Saved entries:
──────────────────────────────
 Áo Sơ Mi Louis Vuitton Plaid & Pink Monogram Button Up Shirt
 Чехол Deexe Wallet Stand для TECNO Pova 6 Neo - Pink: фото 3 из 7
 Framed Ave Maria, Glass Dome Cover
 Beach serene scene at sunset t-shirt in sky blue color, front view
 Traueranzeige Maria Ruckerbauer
──────────────────────────────
PROBLEM REQUIREMENTS. All the records, from the first line to the last: repeat them exactly.

RESPONSE TO THE EXERCISE.
 Áo Sơ Mi Louis Vuitton Plaid & Pink Monogram Button Up Shirt
 Чехол Deexe Wallet Stand для TECNO Pova 6 Neo - Pink: фото 3 из 7
 Framed Ave Maria, Glass Dome Cover
 Beach serene scene at sunset t-shirt in sky blue color, front view
 Traueranzeige Maria Ruckerbauer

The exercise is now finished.